(GIVEN MATERIAL begins)
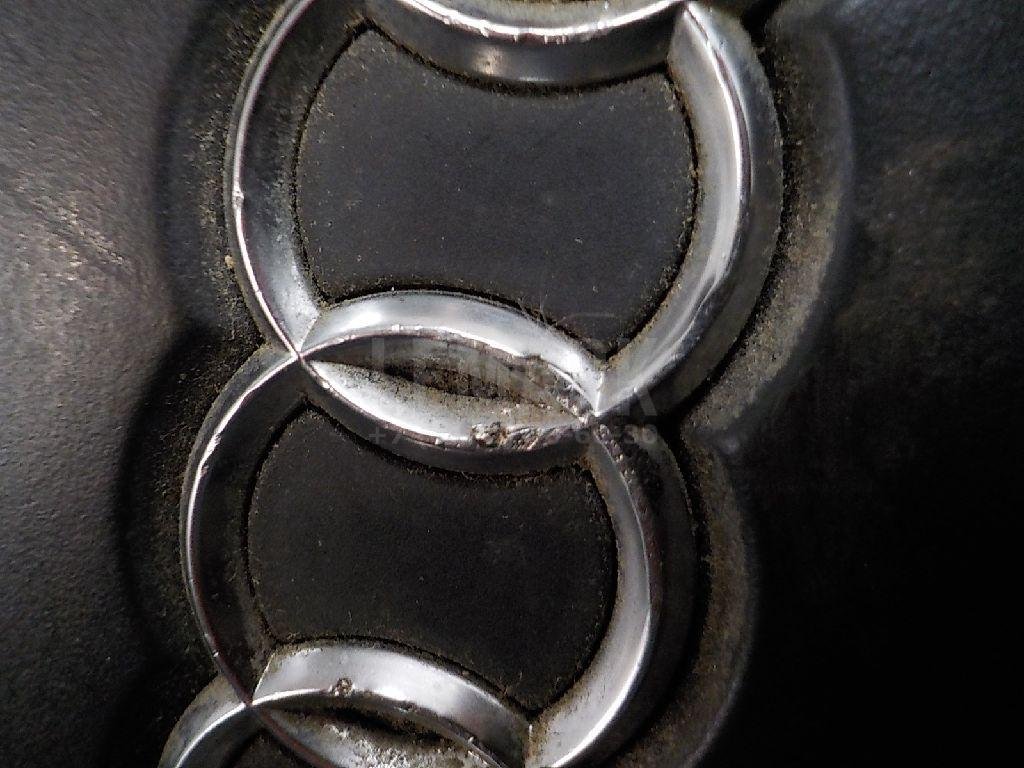 Подушка безопасности в рулевое колесо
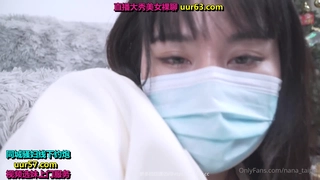 海角社区乱伦达人❤️强干租房邻居的小姐姐开门按住嘴巴就是干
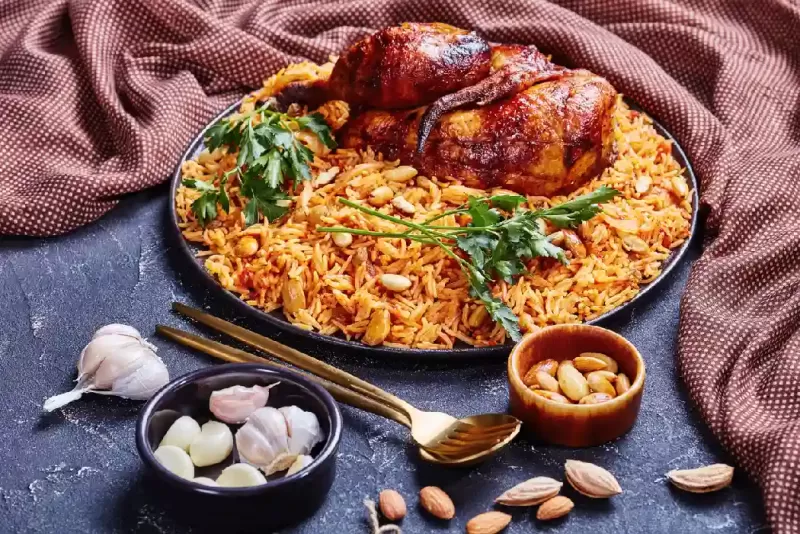 Plato tradicional saudí de pollo y arroz kabsa.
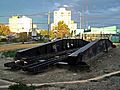 La mesa giratoria del ferrocarril en la plaza España como monumento histórico que rinde homenaje al desaparecido ferrocarril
(GIVEN MATERIAL ends)
DIRECTIONS FOR THIS TASK ->
Reproduce verbatim every line starting at the line that holds "Plato tradicional saudí" and ending with the final line of the data; omit the pictures.

RESPONSE AREA ->
 Plato tradicional saudí de pollo y arroz kabsa.
 La mesa giratoria del ferrocarril en la plaza España como monumento histórico que rinde homenaje al desaparecido ferrocarril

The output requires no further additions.